By David Peterka
Barreling down the beach in a beat up old brown Chevy Silverado, past an ever-changing landscape of obstruction and peril, Colorado Kurt shoots me one of his insane, coffee-fueled, crack-headed glances that penetrates the roaring, coughing unreliability of the dilapidated truck and the hazy Alaskan darkness that we both know won’t last for more than a few hours, and you know what he says to me? He says, “DAVE!” hoarse and hollering, “IF WE DON’T MAKE THIS…WE’RE FUCKED!” as we haul ass bouncing down into one of the many stream beds that haunt this endless stretch of beach, split the water wide open, slam into the opposing bank, lurch and crawl, and every last horse under the hood belching and blaring and begging for reprieve, pressured by two thousand pounds of dead and dying salmon. We emerge relieved, weary, but far from victorious because it’s been a long day and it’s a long way to the processor, and we’re riding in that same damn run-down disaster truck whose vital organs hit the dirt just the other night while Kurt navigated the same lonesome route, humbled locomotive innards rigged in place by an awkward combination of rope and duct tape—details lost in the tumult.
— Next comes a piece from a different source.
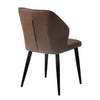 2 Pcs Brown Faux Leather Dining chairs Metal Leg Padded Seat Kitchen Chairs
An hour later, Colorado Kurt pounds the door and wakes the young guy from Washington who is stuck working the station, and he replies with grinding hydraulics, jarring forklift advance and retreat driven under the influence of that same burning “What the fuck am I doing out in Bristol Bay?” question that rots the mind at four in the morning, and a Sprite for the ride home.
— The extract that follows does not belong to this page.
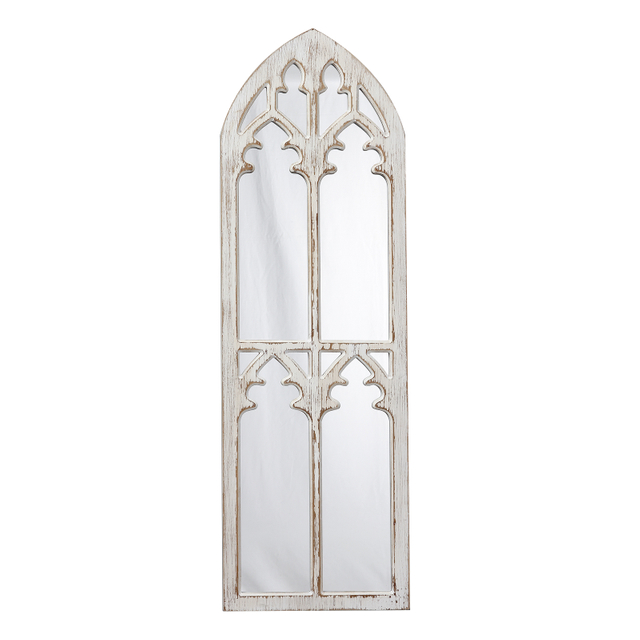 Farmhouse Wood Frame Arched Window Mirror 12 x 38 inches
We make our return in silence, move down the beach with care, absent-minded exchange of words just to keep our eyes open. Kurt tells me about his wife, beginning with “I ain’t gonna lie to ya, Dave,” and ending with some rambling story about how she’s not too pretty, but to him she’s the most beautiful woman in the world. I hang on his words in the flickering dawn, drift-boat spotlights dot the water by the millions, and we’re losing sleep by the second, when it spills over me warm and fleshy that this whole Alaska thing sure isn’t pretty, but right now it’s the most beautiful thing in the world.